There is no value in business without measurements. Trainers who
ignore this truth are put in the line before the open hatch when
the company starts going down. Those trainers typically show
their value by demonstrating the cost-effectiveness of their
programs. Cost-effective, baloney! I don't know of any
organization where "cost-effective" ultimately doesn't mean
"cheap." Cost-effectiveness is the worst way to position
leadership development programs. Cost-effective programs are the
least valuable programs of all. Once we start defining our
programs by how cheap they are, we show that we don't understand
leadership or development -- and so cheapen our value to the
company. Don't make leadership programs inexpensive. Make them
expensive! -- expensive to the company if those programs are not
instituted. We can only show their true importance by
demonstrating the hard, measured, business-focused results
participants achieve after taking the programs. At the end of
your sessions, have participants write a "value received" letter
in which they detail the hard measured results that they intend
to get when they use your leadership tools. Follow up 35-days
later to insure they have gotten those results or are about to
get them. If participants in a leadership course don't receive
an R.O. I. that is at least five to ten times greater than the
investment they made in that course, give them their money back.

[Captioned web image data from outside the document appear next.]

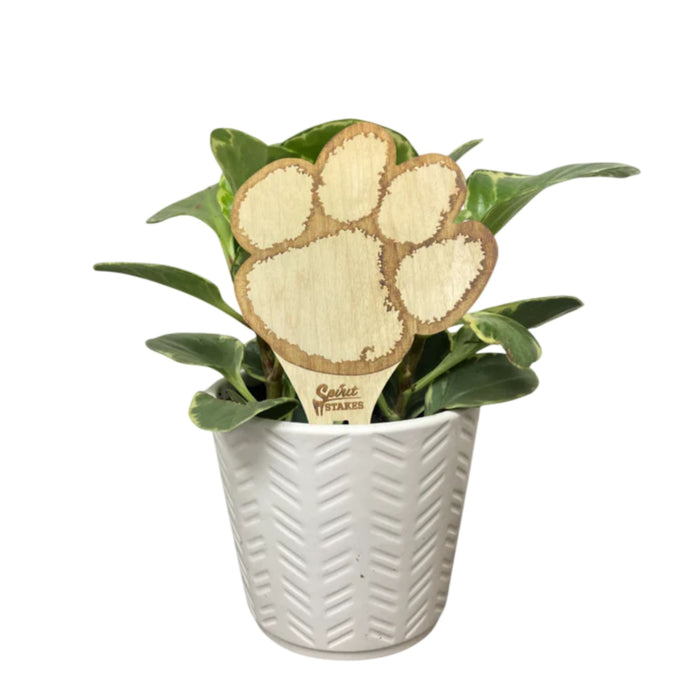 Clemson University Tiger Paw Natural Wood Plant Stake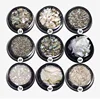 Japanese imported nail shell slice fantasy ultra thin natural irregular abalone shell shell powder nail decoration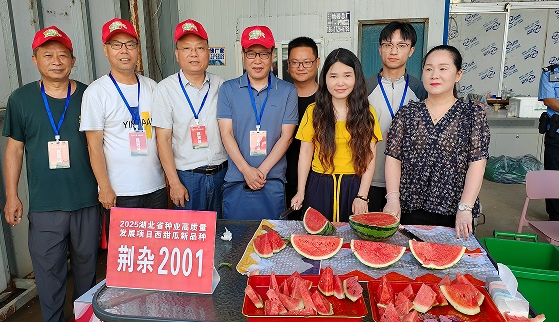 微信截图_20250519113606.png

And why not? If they can't get big increases in their hard,
measured results, it's the course's fault. It hasn't helped them
develop as leaders. Without results, leadership has no meaning.
Leadership development is too important to be demeaned by having
it fulfill training objectives. Enhance its importance by having
it fulfill business objectives. In doing so, we will change the
scenario on our metaphorical airship. Instead of ordering the
crew out, the captain will say, "We can't afford to lose this
crew member. Stay here! First mate, jump!"